=== TASK PROMPT ===
The answer consists of the lines from the line holding "Rochas E Processos Igneos - Um Guia Pratico" through the last line of the entries, retyped exactly, and nothing else. No pictures belong in it.

=== Scraped caption text data ===
========================================================================

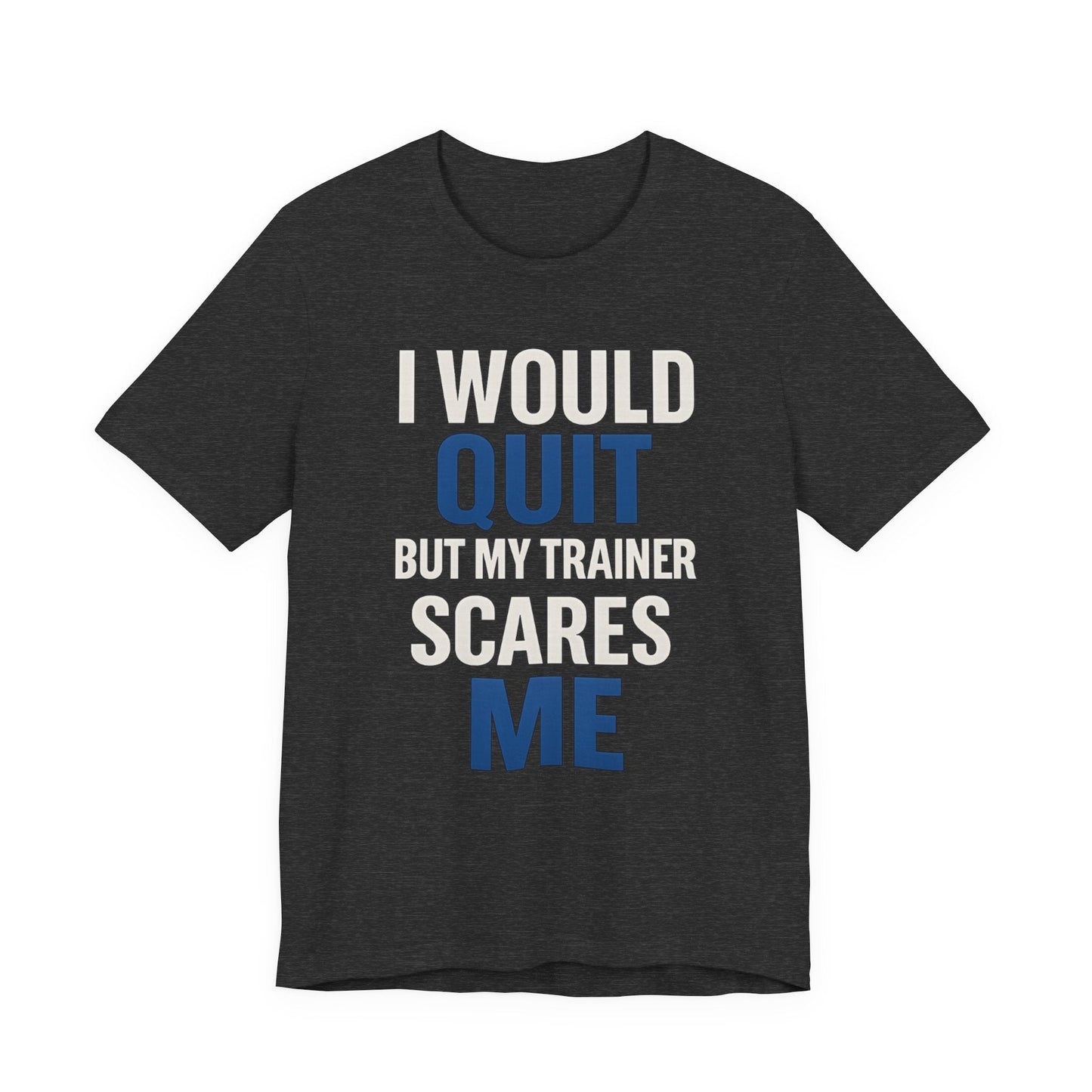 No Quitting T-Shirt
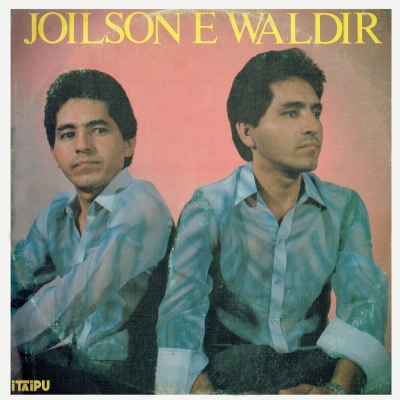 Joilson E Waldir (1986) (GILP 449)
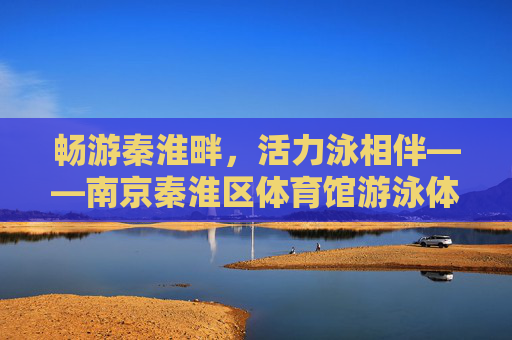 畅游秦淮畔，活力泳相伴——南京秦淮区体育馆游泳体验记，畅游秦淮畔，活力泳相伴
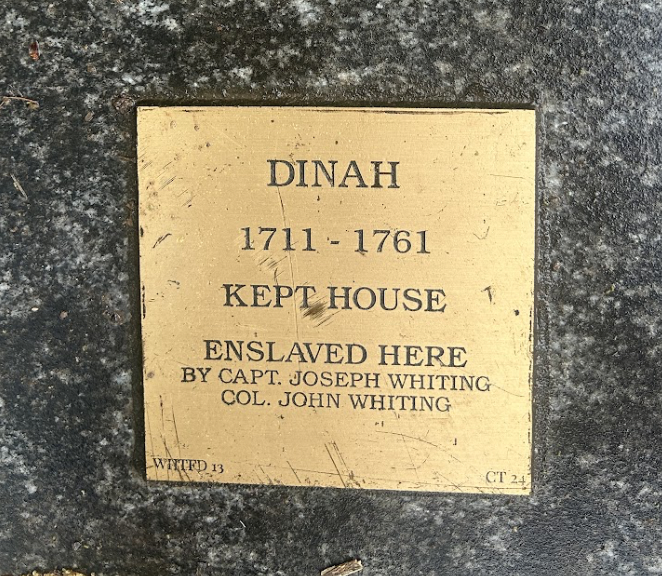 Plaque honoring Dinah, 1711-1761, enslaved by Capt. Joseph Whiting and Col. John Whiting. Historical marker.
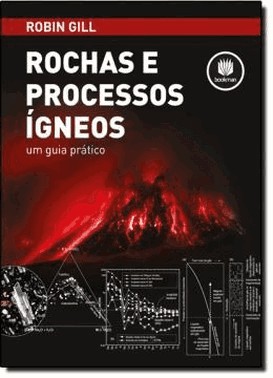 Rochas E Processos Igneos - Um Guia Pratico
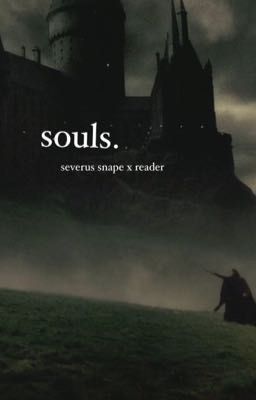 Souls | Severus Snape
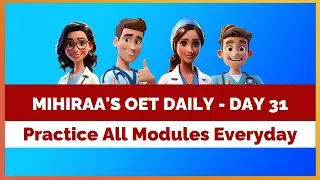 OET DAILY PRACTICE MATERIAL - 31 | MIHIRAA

========================================================================

=== ANSWER TO THE PROBLEM ===
 Rochas E Processos Igneos - Um Guia Pratico
 Souls | Severus Snape
 OET DAILY PRACTICE MATERIAL - 31 | MIHIRAA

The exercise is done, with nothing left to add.